Censorship
2 min

One for Toronto’s queer history books

It was a huge day yesterday for Toronto’s gay and lesbian communities. Just after sunrise, this year’s international grand marshals withdrew from this year's pride celebration. Then more than 20 past- and present-honoured dykes, grand marshals and Pride-award recipients renounced their accolades, leaving statuettes on Pride Toronto’s (PT) doorstep.

Elle Flanders assures police that Pride Toronto's building is perfectly safe. 


No one was at Pride’s offices to receive the accolades, the doors were locked tight, but by then all mention of the international grand marshals had been wiped from pridetoronto.com and PT had issued a press release to rebut the refusnik movement. Check it out here.

A Toronto police officer told me that PT contacted them the night before. “They are concerned about the building,” he told me.

PT marketing and communications manager Michael Ain was the only Pride staffer I spotted at The 519. It was good to see him there at least. But Pride Toronto management and other staff were clearly both well aware of and avoiding the goings-on.

PT executive director Tracey Sandilands was seen later in the morning gathering up the award statuettes and accompanying certificate of shame from PT’s front porch. (The word is there's a picture out there somewhere – lay it on me! matt.mills@xtra.ca)

"If we had not made this decision [to censor ‘Israeli Apartheid’], Pride would not have been able to take place,” she told the CBC. “We would have had to cancel the 2010 festival, close our doors and file for bankruptcy.”

That, of course, has been PT’s somewhat implausible line from the beginning. Read about it all here and here.

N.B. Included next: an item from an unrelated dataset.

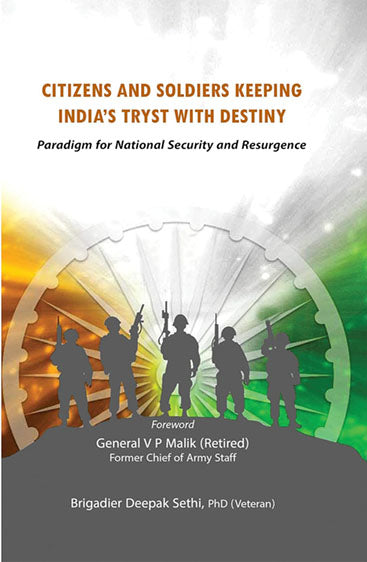 Citizens and Soldiers Keeping India’s Tryst with Destiny Paradigm for National Security and Resurgence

Then it was standing-room only last night as hundreds packed the auditorium at The 519 for a community meeting. It seemed a fitting inauguration for The 519’s freshly minted renovation project.

The auditorium was packed at The 519.

Xtra streamed the meeting live on its website and will add a written account later today. Watch a chunk of the meeting below (we had some trouble with our internet connection, so the first chunk is missing – our apologies):


 

It was a marathon session, but the energy in the room didn’t waver.

At the same time, Ward 27 city councillor Kyle Rae’s retirement party was held a few blocks south.

Rae has been pretty silent on this, except to rattle sabres against anyone attempting to defy the "Israeli apartheid" ban.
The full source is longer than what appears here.